- [Problem details]: Among the records that follow, find the line with "1141 - MARIN 100, high chair, swivel" and the line with "Magnetite Gray Metallic". Set down those lines and all lines between them exactly, without adding anything.

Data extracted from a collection
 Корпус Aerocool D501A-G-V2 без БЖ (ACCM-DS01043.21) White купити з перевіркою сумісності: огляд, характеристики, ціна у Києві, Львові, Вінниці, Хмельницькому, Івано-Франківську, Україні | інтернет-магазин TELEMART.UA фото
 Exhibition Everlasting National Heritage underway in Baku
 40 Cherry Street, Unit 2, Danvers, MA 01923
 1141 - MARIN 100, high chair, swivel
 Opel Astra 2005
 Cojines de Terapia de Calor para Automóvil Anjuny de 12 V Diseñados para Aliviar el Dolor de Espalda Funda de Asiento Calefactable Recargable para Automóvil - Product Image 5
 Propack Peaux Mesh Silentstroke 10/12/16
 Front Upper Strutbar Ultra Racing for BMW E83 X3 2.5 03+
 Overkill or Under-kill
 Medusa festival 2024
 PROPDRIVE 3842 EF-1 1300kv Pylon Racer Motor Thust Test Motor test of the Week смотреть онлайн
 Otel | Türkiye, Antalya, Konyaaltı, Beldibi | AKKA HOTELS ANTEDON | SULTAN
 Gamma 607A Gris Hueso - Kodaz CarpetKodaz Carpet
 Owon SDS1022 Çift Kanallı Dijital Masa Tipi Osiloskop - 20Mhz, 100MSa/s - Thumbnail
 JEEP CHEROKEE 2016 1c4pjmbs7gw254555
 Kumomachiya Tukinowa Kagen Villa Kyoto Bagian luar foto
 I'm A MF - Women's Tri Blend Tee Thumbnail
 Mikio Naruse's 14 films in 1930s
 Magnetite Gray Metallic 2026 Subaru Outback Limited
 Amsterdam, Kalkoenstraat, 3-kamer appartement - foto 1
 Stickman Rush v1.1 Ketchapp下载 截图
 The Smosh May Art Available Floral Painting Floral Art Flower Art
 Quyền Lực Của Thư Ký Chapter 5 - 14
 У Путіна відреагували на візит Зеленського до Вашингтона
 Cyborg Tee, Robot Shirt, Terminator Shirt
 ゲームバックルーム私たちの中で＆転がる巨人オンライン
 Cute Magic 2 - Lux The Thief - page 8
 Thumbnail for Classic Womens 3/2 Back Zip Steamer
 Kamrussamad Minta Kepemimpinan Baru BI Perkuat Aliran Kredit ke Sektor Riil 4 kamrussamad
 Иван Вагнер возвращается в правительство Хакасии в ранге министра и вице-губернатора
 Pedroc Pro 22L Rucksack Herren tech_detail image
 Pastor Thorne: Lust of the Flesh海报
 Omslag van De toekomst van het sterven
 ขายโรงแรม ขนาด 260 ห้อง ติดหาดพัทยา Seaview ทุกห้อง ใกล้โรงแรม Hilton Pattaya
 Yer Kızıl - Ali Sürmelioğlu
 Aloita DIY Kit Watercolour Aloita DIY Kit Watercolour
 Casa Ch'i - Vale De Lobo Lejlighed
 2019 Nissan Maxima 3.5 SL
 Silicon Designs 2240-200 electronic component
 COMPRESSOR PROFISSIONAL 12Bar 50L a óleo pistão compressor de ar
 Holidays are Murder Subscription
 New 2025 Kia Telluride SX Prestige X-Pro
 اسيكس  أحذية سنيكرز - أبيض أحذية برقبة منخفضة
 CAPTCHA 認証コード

- [Finished exercise]:
 1141 - MARIN 100, high chair, swivel
 Opel Astra 2005
 Cojines de Terapia de Calor para Automóvil Anjuny de 12 V Diseñados para Aliviar el Dolor de Espalda Funda de Asiento Calefactable Recargable para Automóvil - Product Image 5
 Propack Peaux Mesh Silentstroke 10/12/16
 Front Upper Strutbar Ultra Racing for BMW E83 X3 2.5 03+
 Overkill or Under-kill
 Medusa festival 2024
 PROPDRIVE 3842 EF-1 1300kv Pylon Racer Motor Thust Test Motor test of the Week смотреть онлайн
 Otel | Türkiye, Antalya, Konyaaltı, Beldibi | AKKA HOTELS ANTEDON | SULTAN
 Gamma 607A Gris Hueso - Kodaz CarpetKodaz Carpet
 Owon SDS1022 Çift Kanallı Dijital Masa Tipi Osiloskop - 20Mhz, 100MSa/s - Thumbnail
 JEEP CHEROKEE 2016 1c4pjmbs7gw254555
 Kumomachiya Tukinowa Kagen Villa Kyoto Bagian luar foto
 I'm A MF - Women's Tri Blend Tee Thumbnail
 Mikio Naruse's 14 films in 1930s
 Magnetite Gray Metallic 2026 Subaru Outback Limited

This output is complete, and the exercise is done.